MR SUTERWALLA: My Lord, thank you for your careful and thorough judgment. Three points, my Lord. Firstly, in terms of interim relief, we are content with the order as indicated.
THE DEPUTY JUDGE: Is there a form of words that could save a bit of time?
MR GULLICK: Yes, there is, my Lord. That was put in with the draft application. There was a draft order from my learned friend.
THE DEPUTY JUDGE: Thank you. Let me just see if I can find that.
MR SUTERWALLA: That is behind tab 1, page 3.
THE DEPUTY JUDGE: Yes.
MR SUTERWALLA: We are content, my Lord, with, "Reasonably practicable", save that if your Lordship is minded we would put an outside time limit of 14 days so, "In any event within 14 days".
MR GULLICK: My Lord, if you put that in but on the basis that if there is some difficulty we can have liberty to apply and come back and extend that if necessary.
MR SUTERWALLA: To be honest, my Lord, I am sure we would not need to trouble the court. It is the sort of thing where if there are difficulties we can discuss it. Well, the solicitors can discuss it.
THE DEPUTY JUDGE: Would it be within 14 days but with liberty to apply in writing in the event of any difficulty? It puts down a marker but it does not seek to straight jacket people. That is the advantage of it. You do not always have the same people who are in court who then have to deal with these things so sometimes markers are quite useful. I think it is very fair, Mr Gullick, if I may say so, that on the basis that, of course, you have that protection it will at least give that discipline, would it not?
MR GULLICK: My Lord, I am sure it would focus minds if the court puts 14 days but equally if there are particular practical difficulties then we can come back.
THE DEPUTY JUDGE: It will protect. Is the rest of the wording right? It occurred to me, and you probably heard me say it as I was going through the judgment, you have the question of treat her as a child but on what basis and I do not know how long these things take but I would not want to make any order that somehow put her in a better position than her own claim. That could not be right.
MR SUTERWALLA: No. She does not seek that, my Lord.
THE DEPUTY JUDGE: Anyway:
"The defence are required to reinstate the accommodation support provided to the claimant prior to and up to 4 November 2013 as soon as reasonably practicable and, in any event, within 14 days of today, but with liberty to apply in writing in the event of any difficulty and, within the same timeframe, to make arrangements."
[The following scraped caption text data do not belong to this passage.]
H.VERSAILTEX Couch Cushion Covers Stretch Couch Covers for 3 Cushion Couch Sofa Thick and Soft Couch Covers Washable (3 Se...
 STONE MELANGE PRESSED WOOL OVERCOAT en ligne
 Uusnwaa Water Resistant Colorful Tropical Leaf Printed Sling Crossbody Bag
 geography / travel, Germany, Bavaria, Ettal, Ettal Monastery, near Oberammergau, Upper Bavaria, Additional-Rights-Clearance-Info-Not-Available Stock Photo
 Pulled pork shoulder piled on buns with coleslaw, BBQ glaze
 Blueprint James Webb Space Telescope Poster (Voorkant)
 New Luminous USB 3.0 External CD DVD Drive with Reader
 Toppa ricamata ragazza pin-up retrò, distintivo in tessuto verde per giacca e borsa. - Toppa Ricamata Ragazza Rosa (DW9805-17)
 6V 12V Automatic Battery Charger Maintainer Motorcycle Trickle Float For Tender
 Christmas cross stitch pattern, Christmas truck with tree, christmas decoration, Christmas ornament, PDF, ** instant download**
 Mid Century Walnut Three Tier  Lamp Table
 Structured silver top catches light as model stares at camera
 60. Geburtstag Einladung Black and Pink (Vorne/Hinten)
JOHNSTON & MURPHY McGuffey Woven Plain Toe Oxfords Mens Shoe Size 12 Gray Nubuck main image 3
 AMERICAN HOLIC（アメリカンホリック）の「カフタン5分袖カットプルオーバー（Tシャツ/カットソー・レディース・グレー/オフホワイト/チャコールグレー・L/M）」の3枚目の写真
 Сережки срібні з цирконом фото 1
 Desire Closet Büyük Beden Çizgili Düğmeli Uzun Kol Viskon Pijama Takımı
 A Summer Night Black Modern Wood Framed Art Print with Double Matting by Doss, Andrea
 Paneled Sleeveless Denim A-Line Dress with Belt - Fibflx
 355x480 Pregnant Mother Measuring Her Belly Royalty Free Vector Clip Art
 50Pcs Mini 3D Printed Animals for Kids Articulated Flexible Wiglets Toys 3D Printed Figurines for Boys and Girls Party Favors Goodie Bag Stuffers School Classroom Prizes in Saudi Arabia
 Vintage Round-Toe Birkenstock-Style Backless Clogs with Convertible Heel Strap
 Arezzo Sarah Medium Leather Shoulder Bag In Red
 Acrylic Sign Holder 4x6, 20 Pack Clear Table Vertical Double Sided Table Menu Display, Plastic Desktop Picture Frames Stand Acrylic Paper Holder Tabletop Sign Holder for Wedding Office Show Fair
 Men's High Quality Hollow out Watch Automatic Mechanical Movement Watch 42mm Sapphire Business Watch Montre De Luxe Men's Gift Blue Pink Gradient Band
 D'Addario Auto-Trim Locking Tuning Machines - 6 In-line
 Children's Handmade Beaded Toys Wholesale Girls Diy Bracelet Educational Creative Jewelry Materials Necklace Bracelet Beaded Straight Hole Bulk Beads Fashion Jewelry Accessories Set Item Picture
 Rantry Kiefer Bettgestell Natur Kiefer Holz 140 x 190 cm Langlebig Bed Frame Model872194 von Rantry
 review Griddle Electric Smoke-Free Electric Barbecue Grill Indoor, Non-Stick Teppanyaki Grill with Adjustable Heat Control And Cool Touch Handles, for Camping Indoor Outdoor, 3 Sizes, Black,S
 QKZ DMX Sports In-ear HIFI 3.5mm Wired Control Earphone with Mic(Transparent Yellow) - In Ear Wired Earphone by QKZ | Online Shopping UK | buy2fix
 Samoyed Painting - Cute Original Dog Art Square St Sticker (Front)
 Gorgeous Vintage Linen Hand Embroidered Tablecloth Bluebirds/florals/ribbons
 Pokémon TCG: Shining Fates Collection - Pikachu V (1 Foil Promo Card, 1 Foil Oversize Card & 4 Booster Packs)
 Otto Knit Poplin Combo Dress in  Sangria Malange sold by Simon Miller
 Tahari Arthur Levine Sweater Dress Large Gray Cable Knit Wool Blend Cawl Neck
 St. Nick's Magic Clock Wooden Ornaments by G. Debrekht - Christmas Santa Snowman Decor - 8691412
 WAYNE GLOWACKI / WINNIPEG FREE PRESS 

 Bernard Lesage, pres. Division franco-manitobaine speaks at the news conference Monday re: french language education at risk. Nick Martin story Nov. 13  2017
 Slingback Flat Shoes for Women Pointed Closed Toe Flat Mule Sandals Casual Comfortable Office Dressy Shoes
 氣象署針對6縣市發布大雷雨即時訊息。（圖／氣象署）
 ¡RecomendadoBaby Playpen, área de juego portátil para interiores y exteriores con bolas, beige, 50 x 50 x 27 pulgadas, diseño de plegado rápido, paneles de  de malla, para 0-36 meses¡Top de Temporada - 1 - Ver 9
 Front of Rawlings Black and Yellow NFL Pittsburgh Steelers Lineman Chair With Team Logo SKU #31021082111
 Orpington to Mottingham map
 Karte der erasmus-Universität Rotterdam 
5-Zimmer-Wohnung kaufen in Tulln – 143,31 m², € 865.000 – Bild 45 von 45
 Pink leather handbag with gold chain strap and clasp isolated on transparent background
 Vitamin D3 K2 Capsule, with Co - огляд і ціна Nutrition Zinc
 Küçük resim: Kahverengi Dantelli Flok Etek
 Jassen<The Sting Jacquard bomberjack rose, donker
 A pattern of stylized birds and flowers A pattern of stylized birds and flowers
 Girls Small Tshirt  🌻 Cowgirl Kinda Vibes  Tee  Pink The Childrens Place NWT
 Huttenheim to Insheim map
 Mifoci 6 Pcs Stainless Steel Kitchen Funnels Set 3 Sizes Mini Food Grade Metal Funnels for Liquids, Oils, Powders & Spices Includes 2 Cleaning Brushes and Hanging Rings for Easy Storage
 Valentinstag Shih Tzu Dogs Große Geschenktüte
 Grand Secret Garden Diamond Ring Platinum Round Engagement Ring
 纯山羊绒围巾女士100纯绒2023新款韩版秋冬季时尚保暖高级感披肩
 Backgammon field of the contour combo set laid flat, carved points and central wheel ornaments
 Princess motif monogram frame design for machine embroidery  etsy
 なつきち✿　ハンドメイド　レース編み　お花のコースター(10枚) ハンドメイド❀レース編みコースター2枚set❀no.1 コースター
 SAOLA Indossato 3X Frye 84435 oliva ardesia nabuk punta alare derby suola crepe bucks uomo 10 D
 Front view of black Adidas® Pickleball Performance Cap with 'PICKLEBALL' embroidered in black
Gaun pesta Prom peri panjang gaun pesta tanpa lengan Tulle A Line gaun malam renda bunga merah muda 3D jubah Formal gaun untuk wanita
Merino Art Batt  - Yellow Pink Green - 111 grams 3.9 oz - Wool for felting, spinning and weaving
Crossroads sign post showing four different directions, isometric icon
We probably could have done that better.
MR GULLICK: My Lord, I am reminded from behind me that, "The said accommodation", we cannot, of course, grant that she be returned to the same accommodation. It should be, "Such accommodation", but it cannot necessarily be the same accommodation.
THE DEPUTY JUDGE: No, that was why I wanted to get the wording right because this is "reinstate the support that was provided".
MR SUTERWALLA: Could we say, my Lord, perhaps --
THE DEPUTY JUDGE: I wonder if it is sensible for me to rise and for you to see if you can hammer this out? Is that going to be best?
MR SUTERWALLA: That is fine, my Lord. We can do that.
THE DEPUTY JUDGE: You can probably, within a few minutes, get this on to a page.
MR SUTERWALLA: Yes.
THE DEPUTY JUDGE: Have you not already got an anonymity order in this case?
MR SUTERWALLA: We have that.
THE DEPUTY JUDGE: You do not need me to make that.
MR SUTERWALLA: No.
THE DEPUTY JUDGE: I am not going to go too far, I am actually going to wait outside. As soon as you want me back I will come back in. Is there anything else I am going to need to deal with?
MR SUTERWALLA: My Lord, yes. There are just two other points.
In terms of the judgment there were just two clarifications. I think your Lordship referred to when the claimant moved to the Home Office accommodation. The correct date for the transcript is 4 November 2013.
THE DEPUTY JUDGE: Thank you.
MR SUTERWALLA: Finally, my Lord, we think it is a very useful judgment in respect of interim relief which could be of use for the courts down the line. I would ask for a transcript, if that is possible, so that --
THE DEPUTY JUDGE: Well, it will not be at public expense, you are still going to have to apply for it. The only thing I can do is certify that a permission judgment can be cited.
MR SUTERWALLA: Yes.
THE DEPUTY JUDGE: I can do that but I am not going to do anything that involves a transcript being provided at public expense.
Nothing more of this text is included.